Ann Carr-Boyd – componist
Ann Carr-Boyd has always aimed to communicate with performers and listeners. She strives to create music for people of all ages by including emotions and visual elements, communicated musically. She is passionate about the creation and promotion of Australian music and is happy to see the great creativity and variety apparent in Australian music today. As a teacher of piano and composition she has always had a direct relationship with students of all ages and has created many works for young people and older people who play for enjoyment; these works range from the early Look at the Stars for piano (1972) to recent publication of piano duets by Wirripang, Double Trouble (2015).
In addition to a large body of keyboard works for piano, harpsichord and organ composed over this period, Ann has created music in most genres. She has written orchestral, vocal and chamber music works which are performed, recorded and broadcast in Australia and internationally.

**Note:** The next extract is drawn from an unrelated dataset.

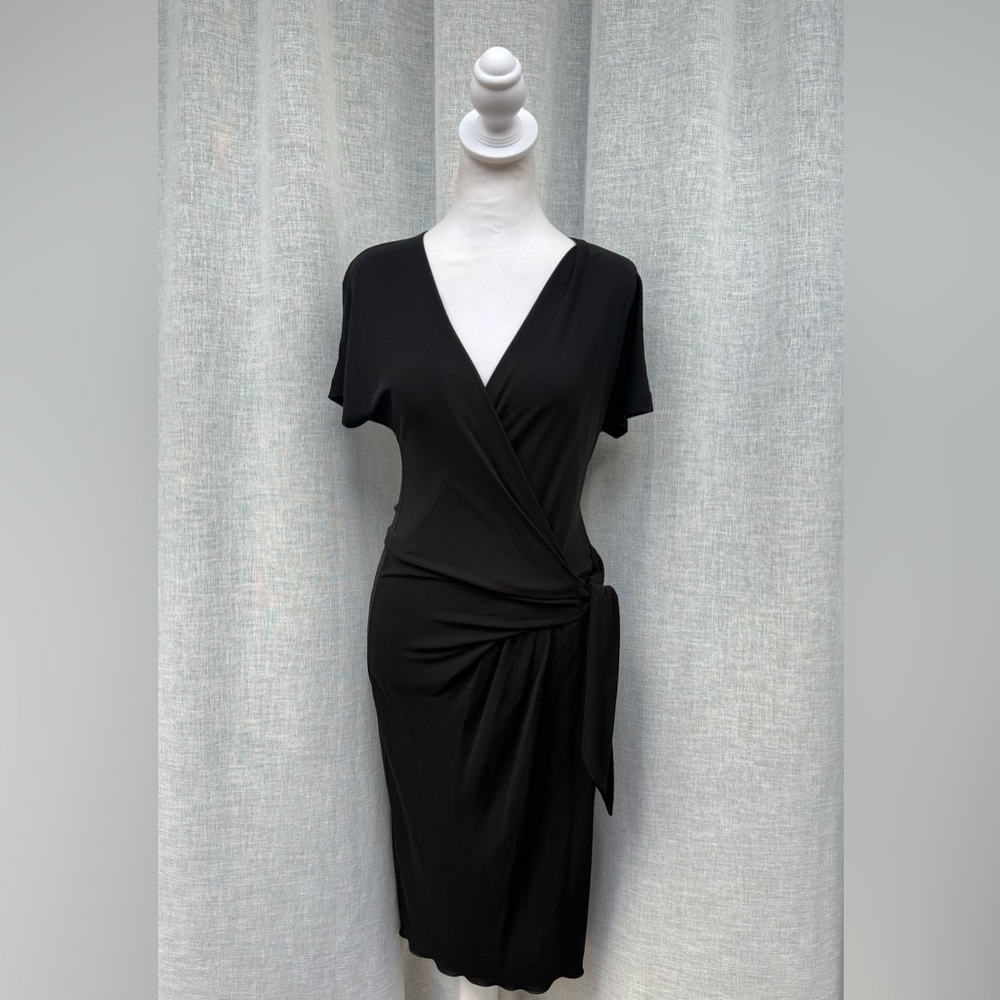 Anita Di Milano black short sleeve stretch viscose wrap dress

Two works illustrate this composer’s wish to write music which relates to people via emotional content and exhilarating rhythm and melody: the song cycle for soprano and piano Museum Garden (2001) and Fandango (1982) for mandolin ensemble. Museum Garden was composed as a memorial and celebration of the life of Melbourne pianist Maxwell Shepherd, and was set to words by New York poet Mark Doty.
The five poems and songs were related to paintings by five artists from five different countries. The songs, first performed in the United States, have since been performed, recorded and published in Australia and have proved to the composer to be a rewarding international collaboration via the universal and emotional language of music.

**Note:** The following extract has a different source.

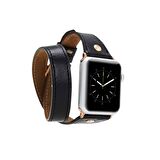 Bouletta Apple Watch Uyumlu Deri Kordon 42-44-45mm Slim Double Tour GT RST1 Siyah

Fandango has had an immediate appeal and is frequently heard on radio, inflight entertainment, in concert performances and in arrangements for other instruments. Ann has recently completed an arrangement of this work for two harpsichords, commissioned by Diana Weston, to be performed by Michael Tsalka and Diana in 2016, and she is arranging the work for the new Southern Highlands Symphony Orchestra for performance in Bowral in September 2016.
Fandango achieved a place in two ABC Classic FM surveys; the Classic 100 Chamber Music survey and also Our Favourites. It has been nominated for Most Performed Classical Work (APRA awards 1998) and has been arranged for at least a dozen different instrumental combinations. The original 1982 recording by The Sydney Mandolins for the ABC has been broadcast constantly since its launch in 1982.